Logical thinking, says Adriano, shaped the development of his work method. After sketching a scene on a smooth, gesso-primed board covered with a thin wash of raw umber to establish a warm chromatic base, he loosely blocks out the larger dark and light shapes in burnt sienna, ultramarine blue, and white. To build up the undertones that give his waterscapes their fluidity, wetness, and depth, he applies five, even six layers of color. Having to wait for each one to dry means he can work on up to six pieces at the same time.
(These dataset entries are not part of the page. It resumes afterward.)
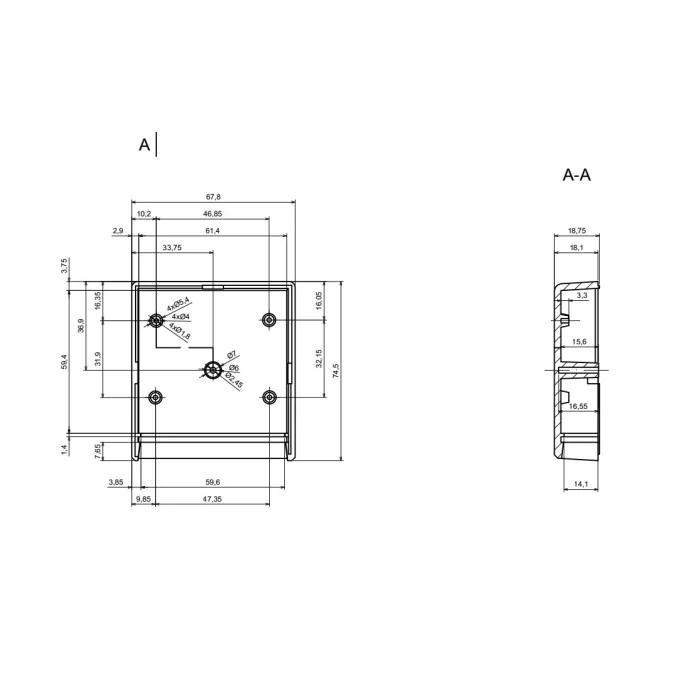 OBUDOWA PLASTIKOWA 74 X 68 X 36 Z60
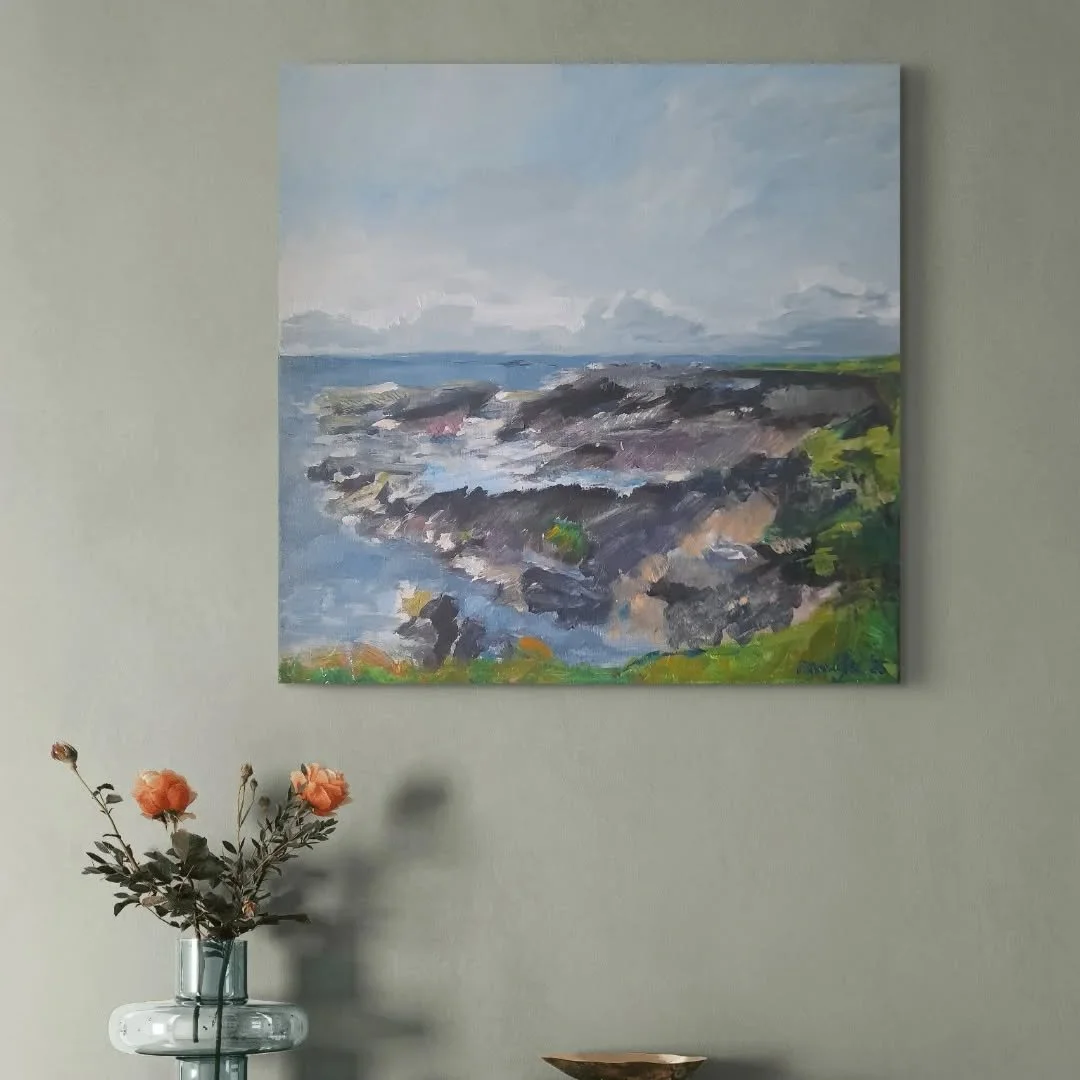 This painting found its forever home last week 💚 I'm so pleased! 🙂
🌊 
I painted it over the summer in Spanish Point, West Clare.

#irishart #irishlandscapeartist #wildatlanticwayclare #oilpaintingartist #pleinairpainting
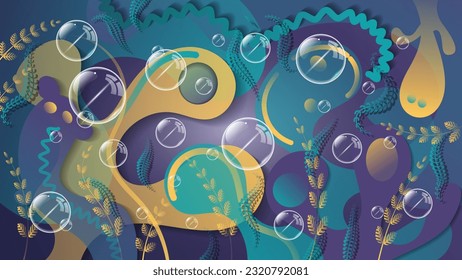 Cute underwater doodle wallpaper. Transparent bubbles on a background of overlapping abstract shapes and floral elements. Vector.

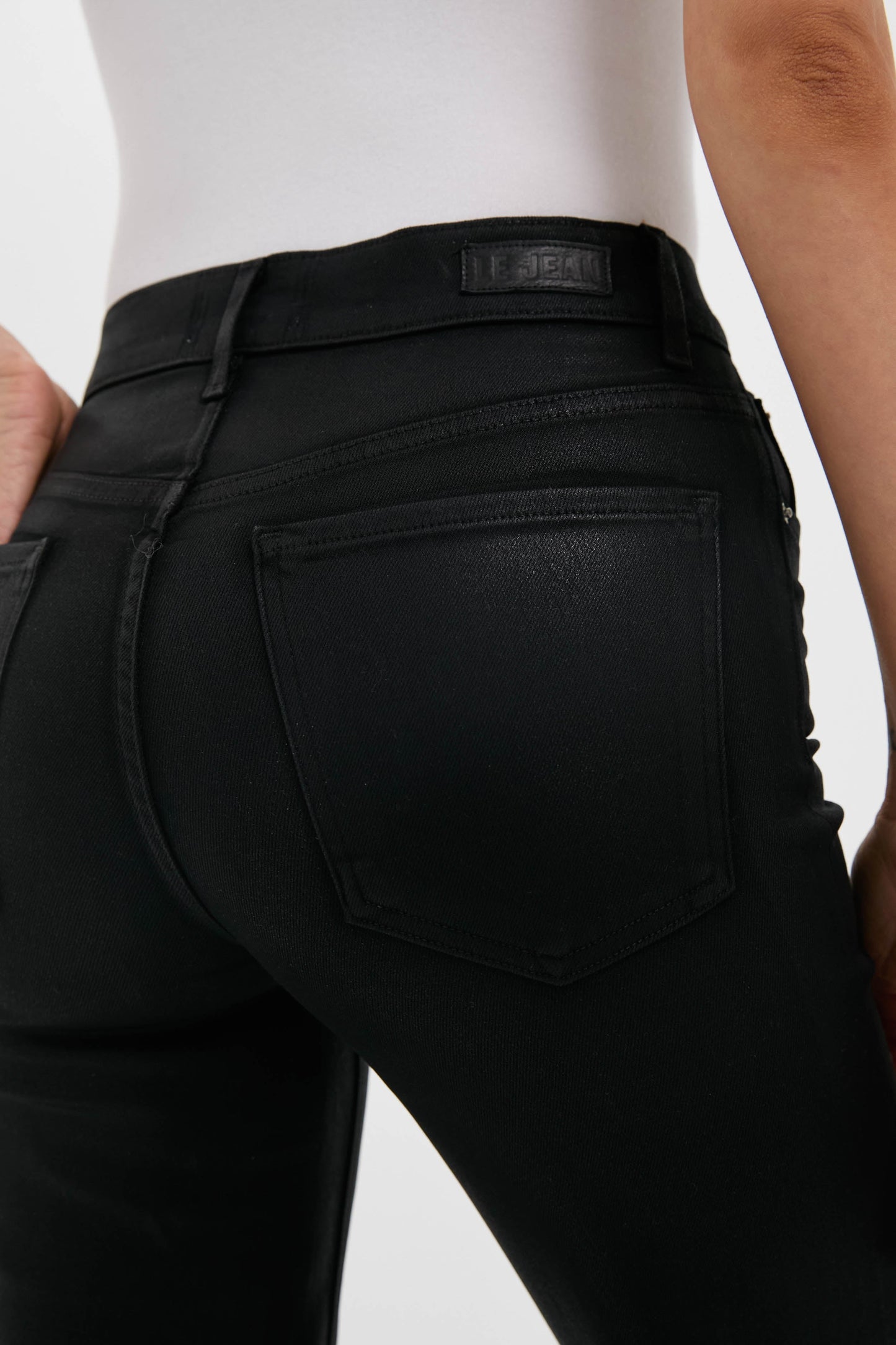 Black Coated Mid Rise Column Jean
Then he adds the fine details and nuanced highlights.

To create his hallelujah sunrises and backlit, sun-drenched sunsets with the trout rising and a plague of mosquitoes in the damp air, as in Summer Magic, he puts only six or seven pigments in a circle on his palette: burnt sienna, alizarin crimson, ultramarine blue, red, yellow ochre, titanium white, and Payne’s gray. Although the oil painter has no interest in acrylics, Adriano has dabbled in watercolors, experimented with porcelain, and wishes he could devote more time to his limited-edition etchings.

After their son struck out on his own after college, Adriano and Teresa moved to 38 acres in the rural farming community of Cambridge in Upstate New York—Grandma Moses country—where his backyard stream offers native brookies. To break up 10-hour days in the barn studio, the artist with the Bronx chords takes his most authentic self to his meeting place with the fish.

Brooke Chilvers recommends Adriano Manocchia’s Water, Sky & Time, published by Rick and Skip Dyer of White Creek Images. Not only is Rick a major collector of Adriano’s work, but he and Skip have also published several dozen of Manocchia’s paintings as prints, posters, or limited-edition lithographs.